On Fri, Jun 4, 2021 at 12:52 AM Feng Tang <[email protected]> wrote:
>
> On Fri, Jun 04, 2021 at 03:04:11PM +0800, Feng Tang wrote:
> > >
> > > The perf data doesn't even mention any of the GUP paths, and on the
> > > pure fork path the biggest impact would be:
> > >
> > > (a) maybe "struct mm_struct" changed in size or had a different cache layout
> >
> > Yes, this seems to be the cause of the regression.
> >
> > The test case is many thread are doing map/unmap at the same time,
> > so the process's rw_semaphore 'mmap_lock' is highly contended.
> >
> > Before the patch (with 0day's kconfig), the mmap_lock is separated
> > into 2 cachelines, the 'count' is in one line, and the other members
> > sit in the next line, so it luckily avoid some cache bouncing. After
> > the patch, the 'mmap_lock' is pushed into one cacheline, which may
> > cause the regression.

Ok, thanks for following up on this.

> We've tried some patch, which can restore the regerssion. As the
> newly added member 'write_protect_seq' is 4 bytes long, and putting
> it into an existing 4 bytes long hole can restore the regeression,
> while not affecting most of other member's alignment. Please review
> the following patch, thanks!

The patch looks fine to me.

At the same time, I do wonder if maybe it would be worth exploring if
it's a good idea to perhaps move the 'mmap_sem' thing instead.

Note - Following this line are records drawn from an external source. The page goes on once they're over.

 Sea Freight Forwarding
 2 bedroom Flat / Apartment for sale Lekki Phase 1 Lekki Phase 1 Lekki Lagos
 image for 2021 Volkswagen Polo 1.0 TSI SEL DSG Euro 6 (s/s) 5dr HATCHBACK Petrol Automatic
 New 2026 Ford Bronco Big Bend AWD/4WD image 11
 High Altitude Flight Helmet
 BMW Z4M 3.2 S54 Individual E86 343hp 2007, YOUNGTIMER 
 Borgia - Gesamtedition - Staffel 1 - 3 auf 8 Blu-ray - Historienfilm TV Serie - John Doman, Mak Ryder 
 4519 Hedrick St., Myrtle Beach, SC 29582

Or at least add a big comment. It's not clear to me exactly _which_
other fields are the ones that are so hot that the contention on
mmap_sem then causes even more cacheline bouncing.

For example, is it either

(a) we *want* the mmap_sem to be in the first 128-byte region,
because then when we get the mmap_sem, the other fields in that same
cacheline are hot

OR

(b) we do *not* want mmap_sem to be in the *second* 128-byte region,
because there is something *else* in that region that is touched
independently of mmap_sem that is very very hot and now you get even
more bouncing?

but I can't tell which one it is.

It would be great to have a comment in the code - and in the commit
message - about exactly which fields are the criticial ones. Because I
doubt it is 'write_protect_seq' itself that matters at all.

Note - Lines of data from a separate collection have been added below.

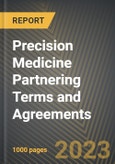 Global Precision Medicine Partnering Terms and Agreements 2016-2023- Product Image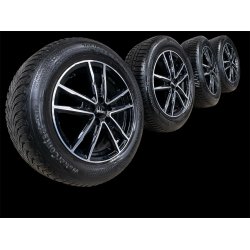 16 VW Cross Ref.K6 ALUFLGE vinterdk 
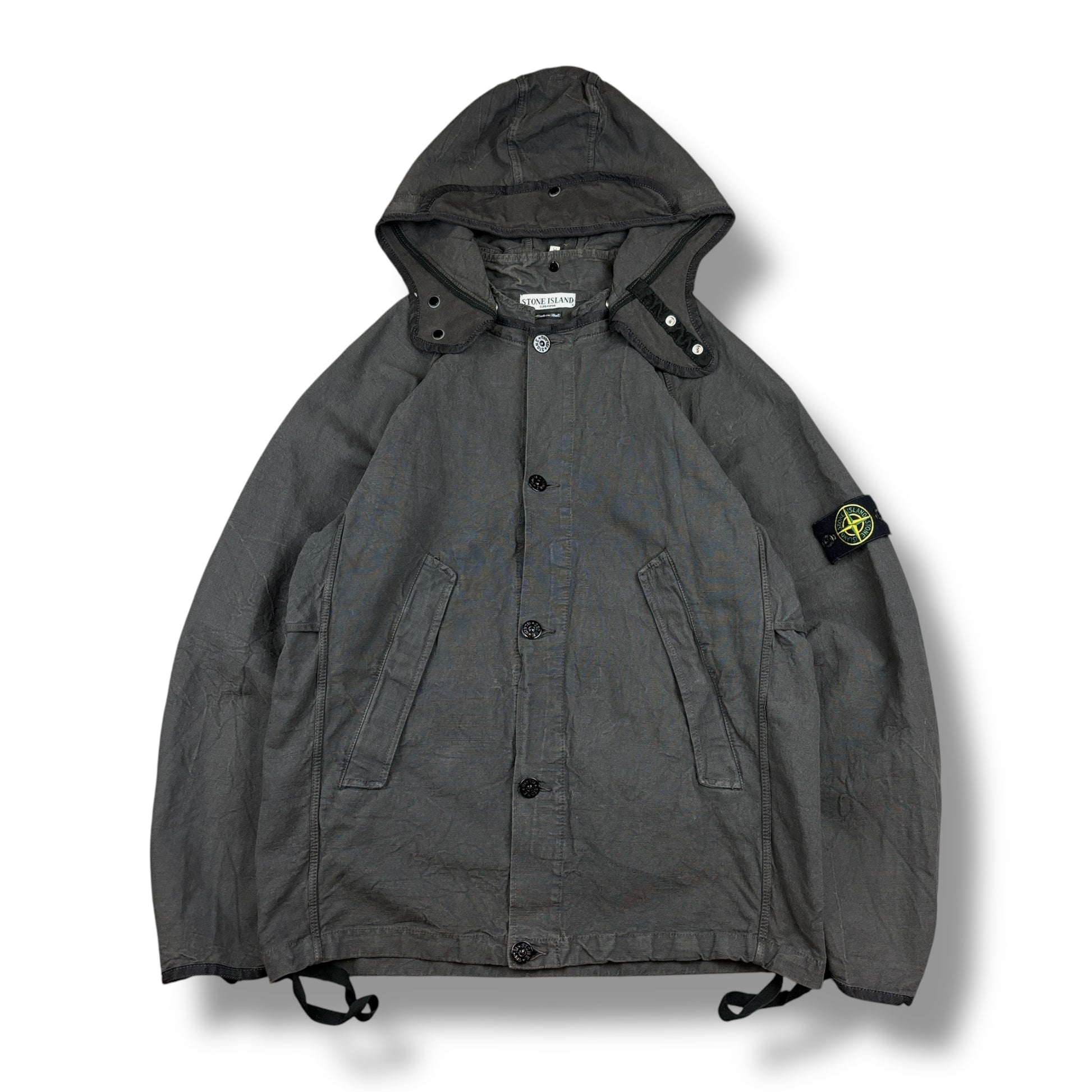 Vintage Stone Island Compact Jacket (M)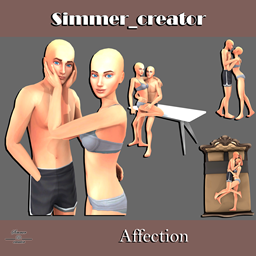 affection logo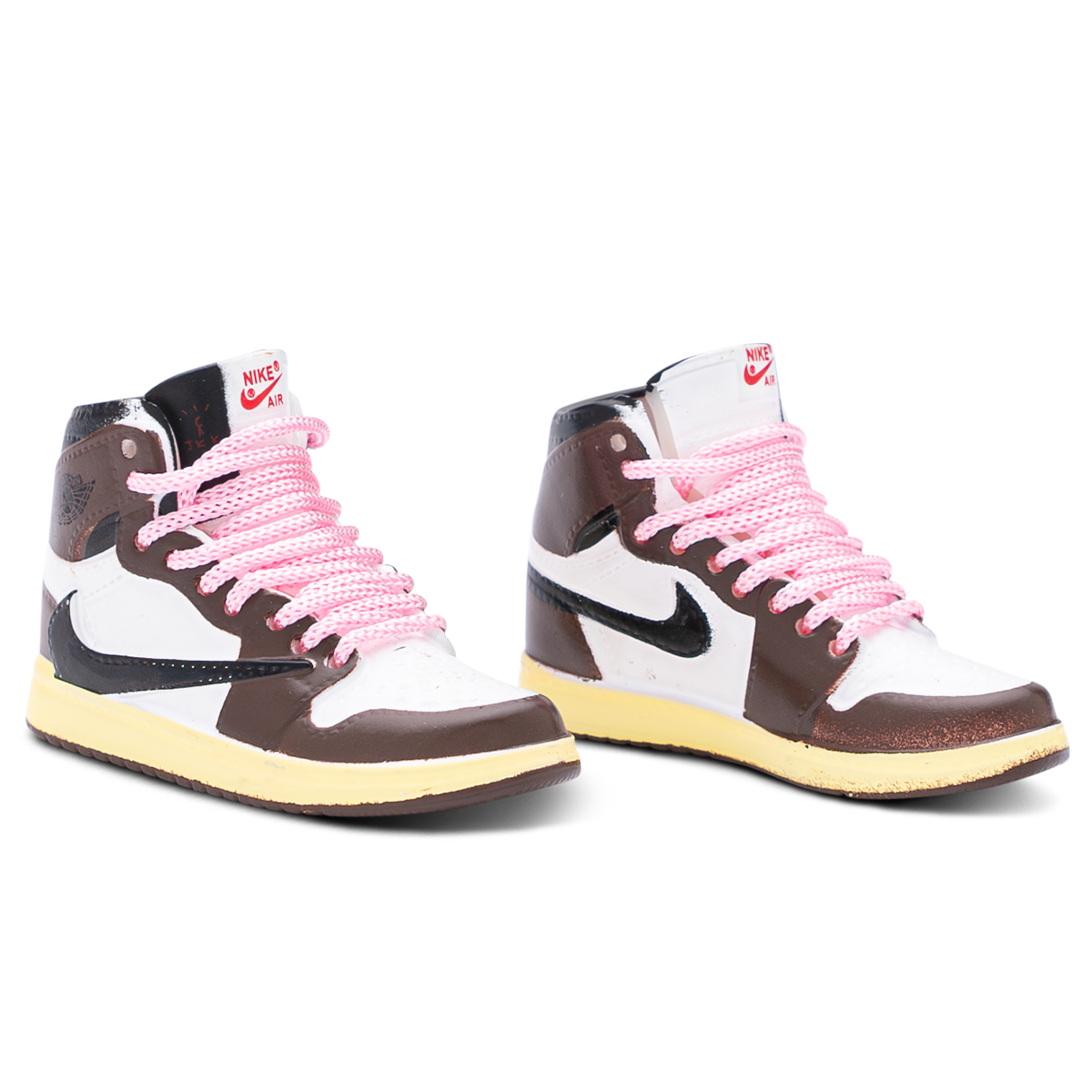 LC Finger Shoes - Travis Scott Jordan's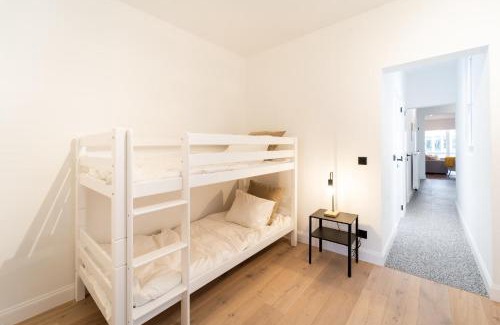 Statiekwartier Apartment | Family-Friendly 2-Bedroom Apartment in Antwerp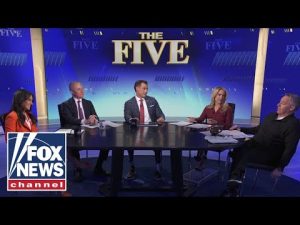 Read more about the article ‘The Five’: Trump works to unclog major Democrat-made mess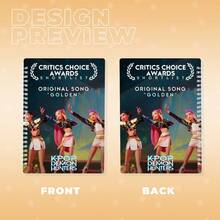 KOPO/动漫电影周边/HUNTRX 魔女猎人 印刷版学生/办公 A5 螺旋笔记本，50 页 - 彩色 - 查看 11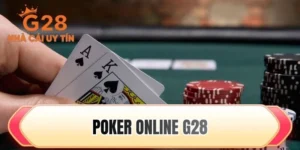 Poker online G28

If it's "mmap_sem should be close to other commonly used fields",
maybe we should just move mmap_sem upwards in the structure?

Linus

2021-06-04 18:00:21

by John Hubbard

[permalink] [raw]
Subject: Re: [mm/gup] 57efa1fe59: will-it-scale.per_thread_ops -9.2% regression

On 6/4/21 12:52 AM, Feng Tang wrote:
...
>>> The perf data doesn't even mention any of the GUP paths, and on the
>>> pure fork path the biggest impact would be:
>>>
>>> (a) maybe "struct mm_struct" changed in size or had a different cache layout
>>
>> Yes, this seems to be the cause of the regression.
>>
>> The test case is many thread are doing map/unmap at the same time,
>> so the process's rw_semaphore 'mmap_lock' is highly contended.
>>
>> Before the patch (with 0day's kconfig), the mmap_lock is separated
>> into 2 cachelines, the 'count' is in one line, and the other members
>> sit in the next line, so it luckily avoid some cache bouncing. After

Wow! That's quite a fortunate layout to land on by accident. Almost
makes me wonder if mmap_lock should be designed to do that, but it's
probably even better to just keep working on having a less contended
mmap_lock.

I *suppose* it's worth trying to keep this fragile layout in place,
but it is a landmine for anyone who touches mm_struct. And the struct
is so large already that I'm not sure a comment warning would even
be noticed. Anyway...

>> the patch, the 'mmap_lock' is pushed into one cacheline, which may
>> cause the regression.
>>
>> Below is the pahole info:
>>
>> - before the patch
>>
>> spinlock_t page_table_lock; /* 116 4 */
>> struct rw_semaphore mmap_lock; /* 120 40 */
>> /* --- cacheline 2 boundary (128 bytes) was 32 bytes ago --- */
>> struct list_head mmlist; /* 160 16 */
>> long unsigned int hiwater_rss; /* 176 8 */
>>
>> - after the patch
>>
>> spinlock_t page_table_lock; /* 124 4 */
>> /* --- cacheline 2 boundary (128 bytes) --- */
>> struct rw_semaphore mmap_lock; /* 128 40 */
>> struct list_head mmlist; /* 168 16 */
>> long unsigned int hiwater_rss; /* 184 8 */
>>
>> perf c2c log can also confirm this.
>
> We've tried some patch, which can restore the regerssion. As the
> newly added member 'write_protect_seq' is 4 bytes long, and putting
> it into an existing 4 bytes long hole can restore the regeression,
> while not affecting most of other member's alignment. Please review
> the following patch, thanks!
>

So, this is a neat little solution, if we agree that it's worth "fixing".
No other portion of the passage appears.